The development boards Raspberry Pi, Orange Pi (and all others based on SoC ARM) lend themselves very well to the development of Arduino projects. We will see how to install and configure the Arduino IDE on an Orange Pi Plus 2e running under the Armbian Linux distribution (Ubuntu 16.04 LTS). This tutorial is valid for all ARM-based boards as well as all Linux distributions.
Download Arduino IDE (1.8 or higher)
The Arduino IDE is now delivered as a single compressed archive.

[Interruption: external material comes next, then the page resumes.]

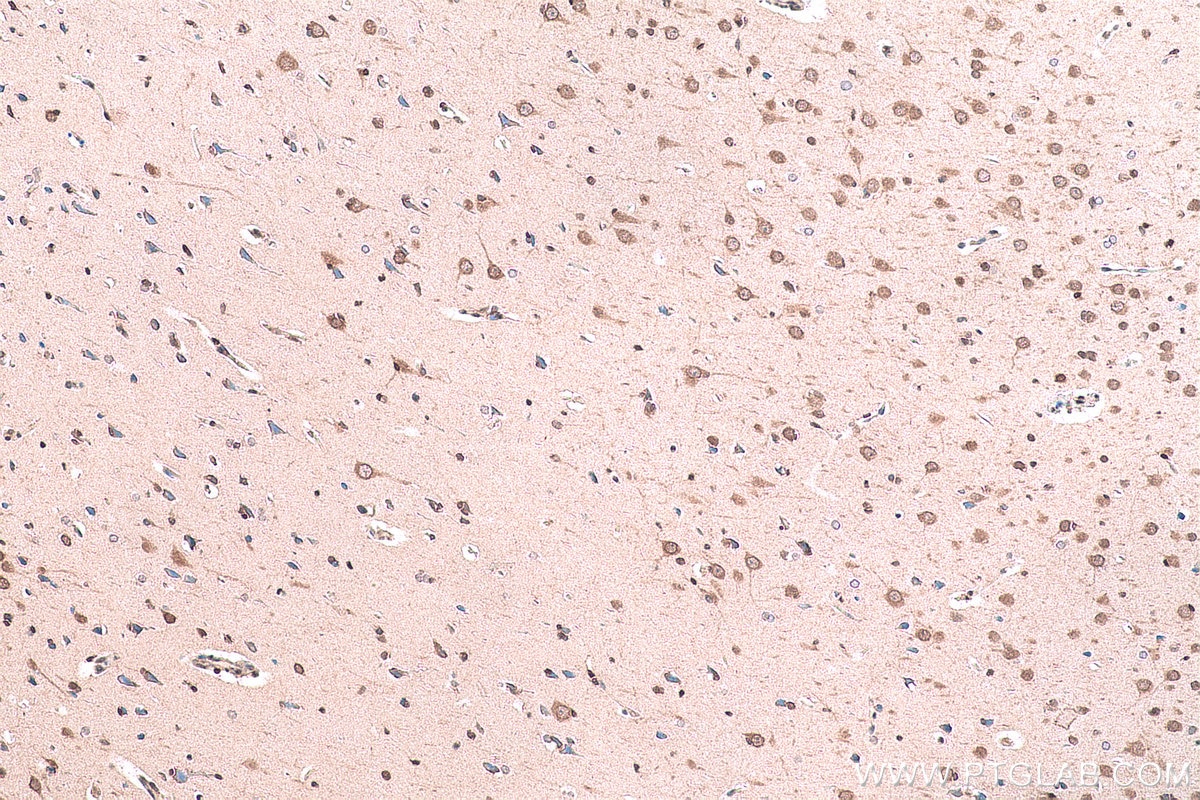 Immunohistochemical analysis of paraffin-embedded human gliomas tissue slide using KHC0905 (UBE2I/UBC9 IHC Kit).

The installation consists simply of unpacking the archive and starting a small script that will add a link in the menu in the development section.

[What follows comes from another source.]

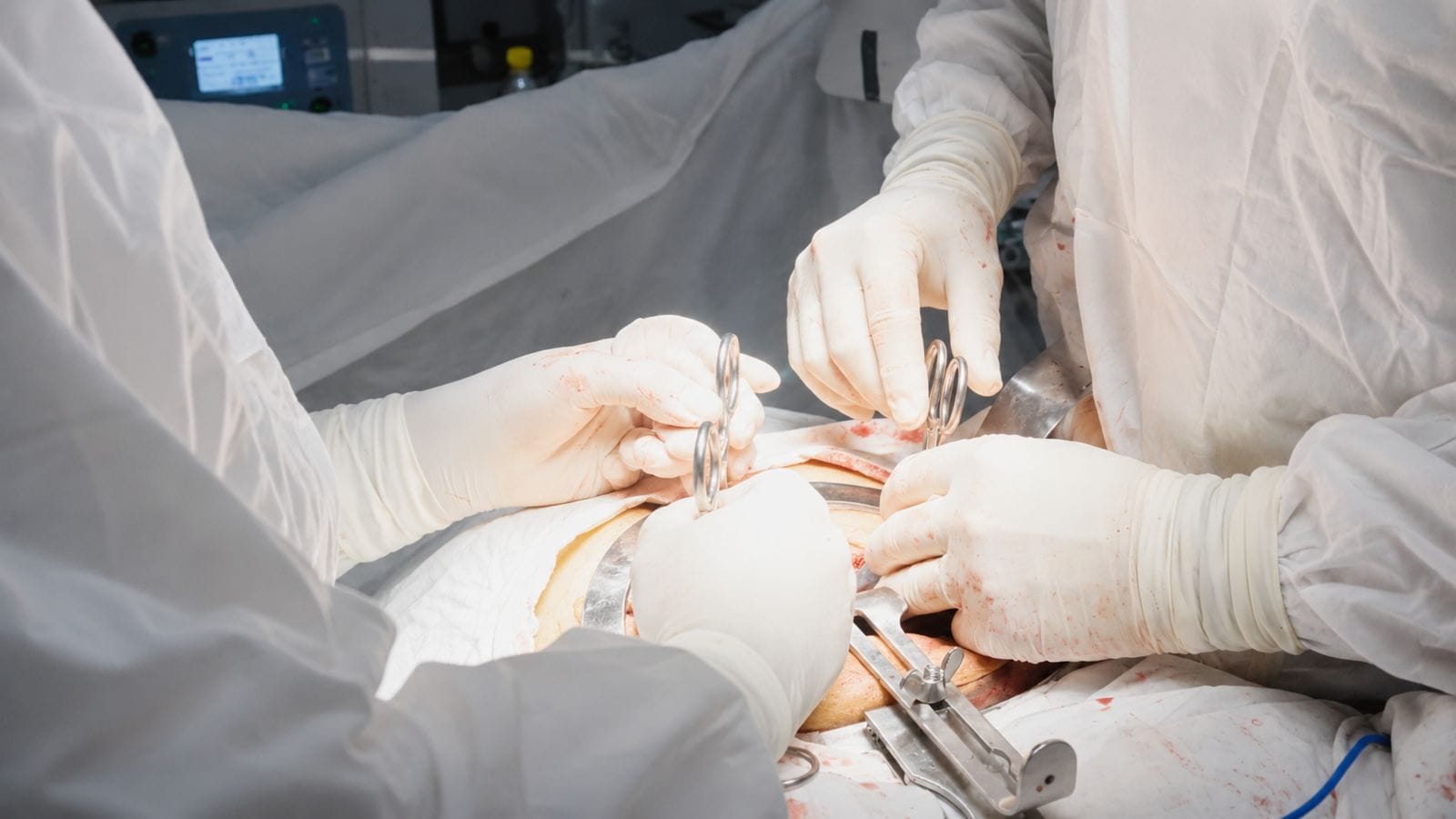 Equipo médico liderado por el Dr. Luis Zamora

Go to the Arduino.cc site on the download page that is located here and click on the ARM processor archive link.
Installing the Arduino IDE on Linux
It is also possible to decompress the archive from the file manager if a decompression utility installed on your distribution supports the tar type. Since the tutorial must work for everyone, open a Terminal and place it in the Download directory
The best is to move the compressed file to the root of your account or the Documents folder, then uncompress the archive with the command tar xvf
tar xvf arduino-1.8.0-linuxarm.tar.xz
Finally, run the installation script
cd arduino-1.8.0 ./install.sh
A new shortcut was simply added to the Arduino IDE on the Development menu
Testing with ESP8266
Now let’s see if everything works. I propose you to test with an ESP8266 (Wemos D1 Mini). After installing the libraries for the ESP8266 board and restarting the IDE (to reload the examples), connect the board to a USB port. Go to the board manager and select Wemos D1 Mini. Change the upload speed to 115200 baud, otherwise you may have upload problems. Go to the examples and open the AdvancedWebServer example (or any other). Change the SSID and password that corresponds to your configuration. Finally launch the upload. Everything happens as on any other environment (Windows, MacOS, Linux x86).
Open the serial monitor and choose a speed of 115200 baud. Make a Reset on the Wemos. Everything works fine.
Here, you can now use your Raspberry Pi to develop your Arduino or ESP8266 programs.